Binary data serialisation vs. JSON in Python
Is it more efficient to load data serialised in binary format or JSON in Python?
Formats (modules in the stdlib) recommended against by Jason C. McDonald in Dead Simple Python ch. 12, because they allow arbitrary code execution and because they are inefficient:
- pickle
- marshal
- shelve
The other format available in the standard library is the Apple plist format, which comes in both XML and binary versions.

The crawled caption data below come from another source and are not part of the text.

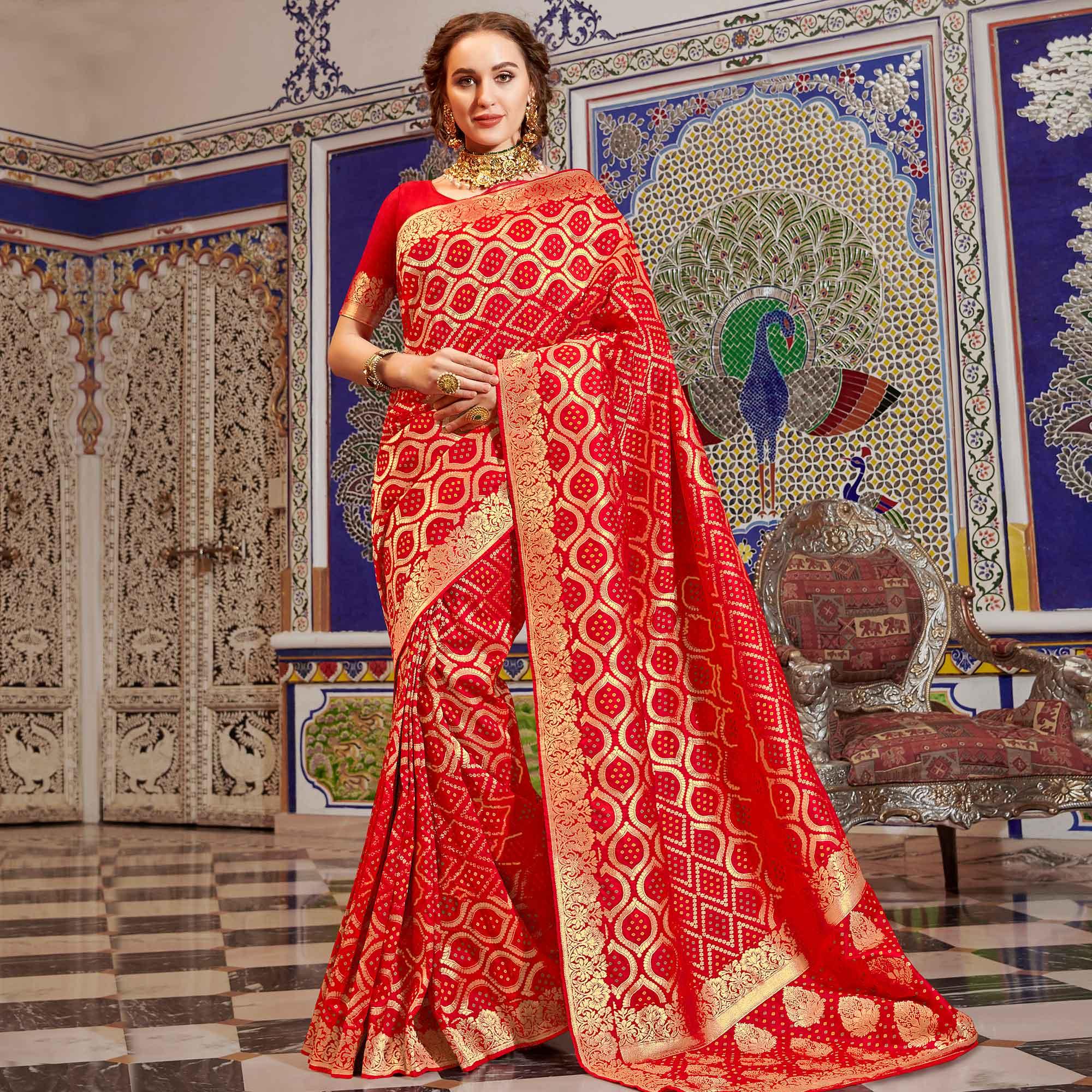 Desirable Red Colored Festive Wear Woven Handloom Silk Saree - Peachmode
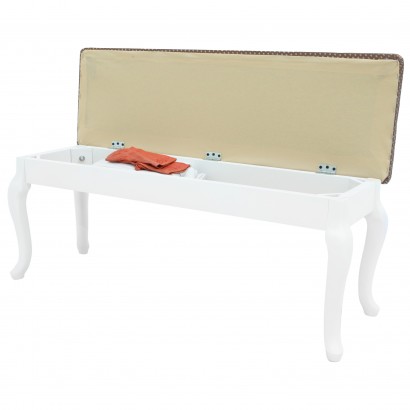 Банкетка Вивальди с ящиком (43х105х32) в классическом стиле, белый, коронка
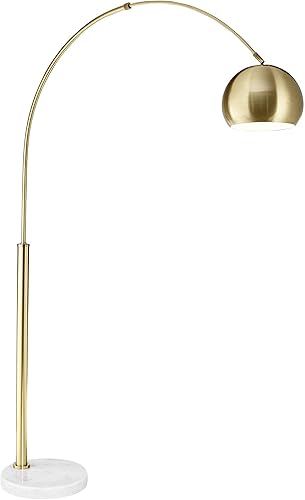 Possini Euro Design Basque Mid Century Modern Glam Luxury - Lámpara de pie de 77 12 pulgadas de alto, arco curvado, mármol dorado, blanco, metal,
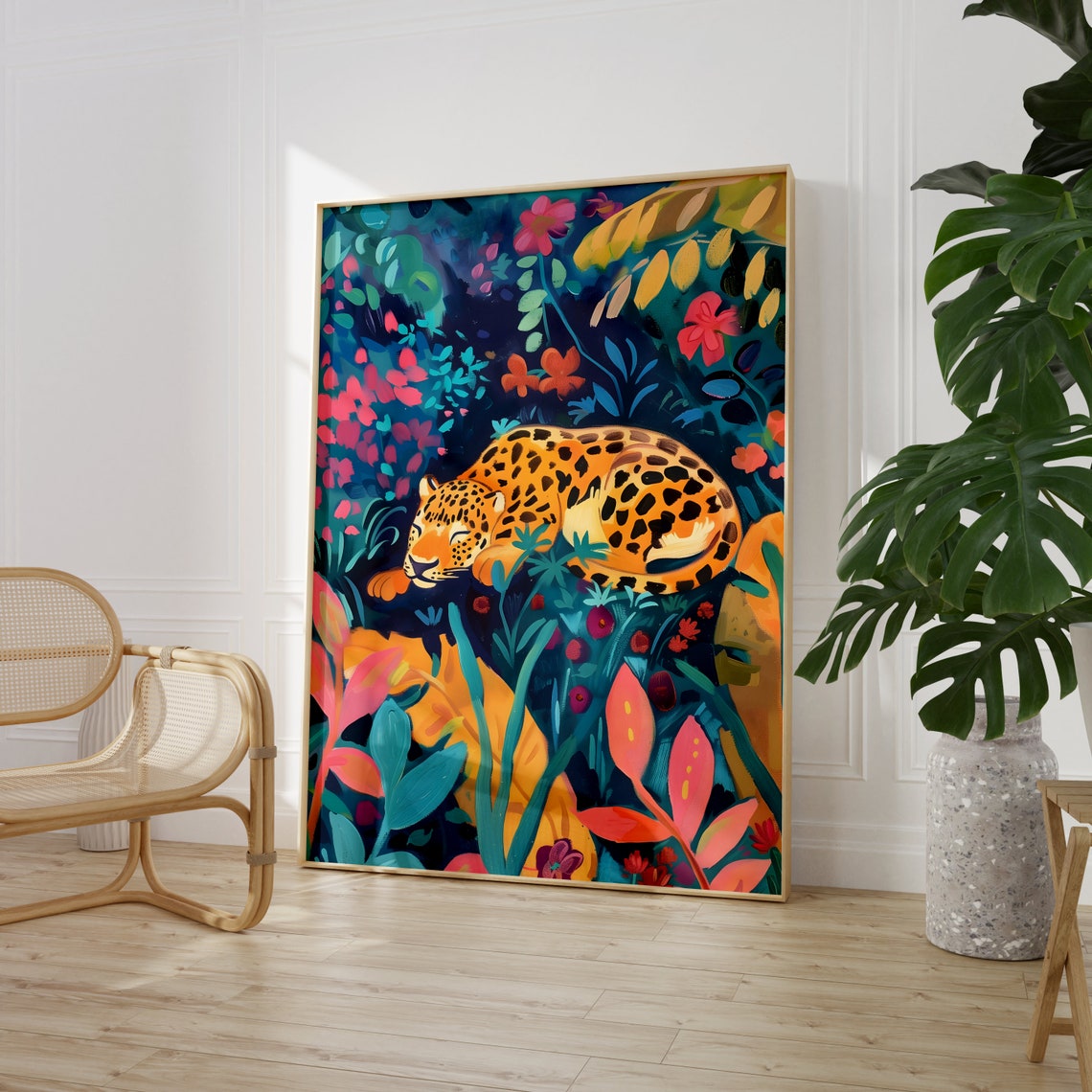 Sleeping Leopard In Midnight Floral Jungle Night Scene Poster - Image 2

Writing the metadata for an arbitrary note to JSON and binary plist, then comparing the performance of loading both:
import json, pickle, plistlib
import time
def loadj(fn):
with open(fn) as f:
d = json.load(f)
return d
def loadp(fn):
with open(fn, "rb") as f:
d = plistlib.load(f)
return d
def loadk(fn):
with open(fn, "rb") as f:
d = pickle.load(f)
return d
def rec(func, n=1000):
start = time.time()
for _ in range(n):
func()
end = time.time()
return end - start
base = ".metadata/intro-to-cpp"
fj = base + ".json"
fp = base + ".plist"
fk = base + ".pkl"
assert loadp(fp) == loadj(fj)
assert loadk(fk) == loadj(fj)
rec(lambda: loadj(fj), 10_000)
rec(lambda: loadp(fp), 10_000)
rec(lambda: loadk(fk), 10_000)
Results:
Format | time (s) |
---|---|
pickle | 0.050 |
JSON | 0.085 |
plist (bin) | 0.150 |
plist (xml) | 0.260 |
But my reason for looking into this was to see whether it’s worth caching the metadata when converting this notebook to HTML, instead of parsing the markdown header block multiple times. But loading the metadata from the markdown headers with my custom function turns out to be slightly faster than loading it from a cache of JSON files (0.12 vs 0.14 ms for all 18 existing pages).